NO MATTER WHAT YOU DO, ABOVE ALL ELSE, SAVE ASTARION. 
Aruna hadn’t been described as dangerous before, but Nettie was right to use the word. 
Nettie’s blade never makes it near Astarion. Not because of his own quick blades or steady footing, but because of Aruna. The air of the room crackles immediately, a thunder rumbling somewhere deep inside of Aruna’s chest as she lifts a hand and simply channels all the rage she feels sparking awake at the prospect of Astarion’s life being in danger. 
A chain of lighting.
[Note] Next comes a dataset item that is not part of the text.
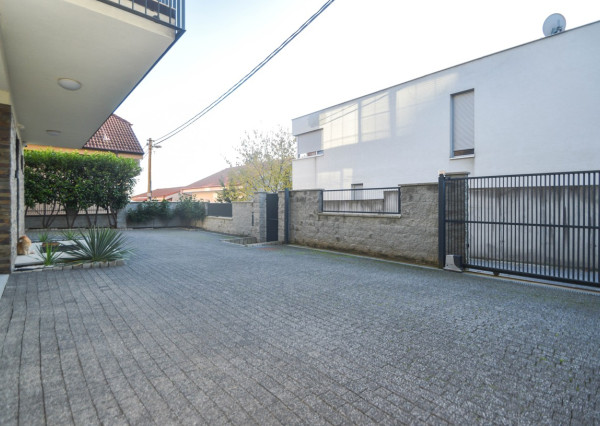 Elegantný 6-izb. rodinný dom s výhľadom na les a mesto - Ahoj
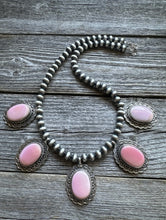 Load image into Gallery viewer, Sunshine Reeves 925 Sterling Silver Pink Conch Pearls Necklace Handmade Navajo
Beginning at Aruna’s palms, and ending at Nettie’s back. 
No matter what I do. 
Save Astarion. 
Something frenzied within Aruna, the animal that recognizes the elf that has been more of a nuisance towards her than something of importance, fuels the magic. Her magic. 
The magic of a sorcerer with one singular goal in mind. To save a life – a life that is certainly not Nettie’s anymore. 
The blast sends Nettie flying into her stone desk of equipment, a painful snap sounding as she attempts to break the crash with her arm. And the resulting waves of magic show no mercy as their pulsating send Astarion stumbling on his feet, pushing him back and farther out of reach of Nettie.
The only thing left behind in the room is the smell of burning flesh, the ragged and pained breaths of a miraculously still-alive Nettie, and Aruna’s voice. 
No longer trembling, she speaks words that feel as though they don’t even belong to her. At least, not this version of her. They come from deep within, echoing out of that lonely chasm within her that she can’t uncloak from the darkness, “You will know just see how dangerous I truly am if you so much as look at him once more.” 
Astarion, tadpole connection and all, stays silent. 
Aruna doesn’t know how she conjured the strength for the spell she’s used. She doesn’t even know which spell she’s just used. She hadn’t uttered a single cantation as the lighting had escaped her uninjured palm, hadn’t even thought of one. It had come to her as naturally as breathing; even more naturally than breathing, really, given her current state. 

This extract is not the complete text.